SUPPLIED MATERIAL below:

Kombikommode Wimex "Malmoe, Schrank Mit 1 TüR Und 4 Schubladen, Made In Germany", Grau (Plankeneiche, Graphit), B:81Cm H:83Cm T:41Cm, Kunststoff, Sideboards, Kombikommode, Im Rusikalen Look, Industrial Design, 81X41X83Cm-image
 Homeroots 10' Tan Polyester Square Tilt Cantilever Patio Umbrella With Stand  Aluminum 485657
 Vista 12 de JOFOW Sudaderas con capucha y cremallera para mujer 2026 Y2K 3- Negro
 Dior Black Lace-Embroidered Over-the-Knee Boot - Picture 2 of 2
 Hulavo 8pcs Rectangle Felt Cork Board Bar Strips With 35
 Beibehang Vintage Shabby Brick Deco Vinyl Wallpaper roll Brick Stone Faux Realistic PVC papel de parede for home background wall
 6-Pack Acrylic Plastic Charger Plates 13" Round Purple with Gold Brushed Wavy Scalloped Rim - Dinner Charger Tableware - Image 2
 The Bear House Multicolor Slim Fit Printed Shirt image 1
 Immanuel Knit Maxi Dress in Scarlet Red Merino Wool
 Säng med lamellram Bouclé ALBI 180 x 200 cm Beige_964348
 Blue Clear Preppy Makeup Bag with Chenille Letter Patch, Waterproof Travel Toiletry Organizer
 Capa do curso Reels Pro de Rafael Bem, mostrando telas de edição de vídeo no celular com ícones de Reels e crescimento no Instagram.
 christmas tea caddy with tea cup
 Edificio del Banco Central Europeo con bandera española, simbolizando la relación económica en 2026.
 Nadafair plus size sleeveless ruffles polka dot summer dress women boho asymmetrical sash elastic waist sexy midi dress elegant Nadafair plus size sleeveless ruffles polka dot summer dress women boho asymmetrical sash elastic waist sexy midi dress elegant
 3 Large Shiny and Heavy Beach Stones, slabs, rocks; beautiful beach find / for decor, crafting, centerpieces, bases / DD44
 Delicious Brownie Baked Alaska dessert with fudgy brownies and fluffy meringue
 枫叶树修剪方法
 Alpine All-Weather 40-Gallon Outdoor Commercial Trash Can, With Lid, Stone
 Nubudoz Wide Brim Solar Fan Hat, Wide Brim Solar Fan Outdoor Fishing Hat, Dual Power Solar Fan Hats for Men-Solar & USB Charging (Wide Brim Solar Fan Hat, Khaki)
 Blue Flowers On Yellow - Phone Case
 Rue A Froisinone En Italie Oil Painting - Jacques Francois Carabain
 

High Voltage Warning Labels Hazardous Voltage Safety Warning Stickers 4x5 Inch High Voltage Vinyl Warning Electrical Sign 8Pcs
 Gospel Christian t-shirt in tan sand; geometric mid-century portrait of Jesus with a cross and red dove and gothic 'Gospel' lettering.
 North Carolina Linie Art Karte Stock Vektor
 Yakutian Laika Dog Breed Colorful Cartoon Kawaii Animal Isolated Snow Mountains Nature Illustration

End of SUPPLIED MATERIAL.

Begin at the first line of the records above and restate each line word for word, stopping after the line with "Edificio del Banco".

* **EXERCISE SOLUTION**:
Kombikommode Wimex "Malmoe, Schrank Mit 1 TüR Und 4 Schubladen, Made In Germany", Grau (Plankeneiche, Graphit), B:81Cm H:83Cm T:41Cm, Kunststoff, Sideboards, Kombikommode, Im Rusikalen Look, Industrial Design, 81X41X83Cm-image
 Homeroots 10' Tan Polyester Square Tilt Cantilever Patio Umbrella With Stand  Aluminum 485657
 Vista 12 de JOFOW Sudaderas con capucha y cremallera para mujer 2026 Y2K 3- Negro
 Dior Black Lace-Embroidered Over-the-Knee Boot - Picture 2 of 2
 Hulavo 8pcs Rectangle Felt Cork Board Bar Strips With 35
 Beibehang Vintage Shabby Brick Deco Vinyl Wallpaper roll Brick Stone Faux Realistic PVC papel de parede for home background wall
 6-Pack Acrylic Plastic Charger Plates 13" Round Purple with Gold Brushed Wavy Scalloped Rim - Dinner Charger Tableware - Image 2
 The Bear House Multicolor Slim Fit Printed Shirt image 1
 Immanuel Knit Maxi Dress in Scarlet Red Merino Wool
 Säng med lamellram Bouclé ALBI 180 x 200 cm Beige_964348
 Blue Clear Preppy Makeup Bag with Chenille Letter Patch, Waterproof Travel Toiletry Organizer
 Capa do curso Reels Pro de Rafael Bem, mostrando telas de edição de vídeo no celular com ícones de Reels e crescimento no Instagram.
 christmas tea caddy with tea cup
 Edificio del Banco Central Europeo con bandera española, simbolizando la relación económica en 2026.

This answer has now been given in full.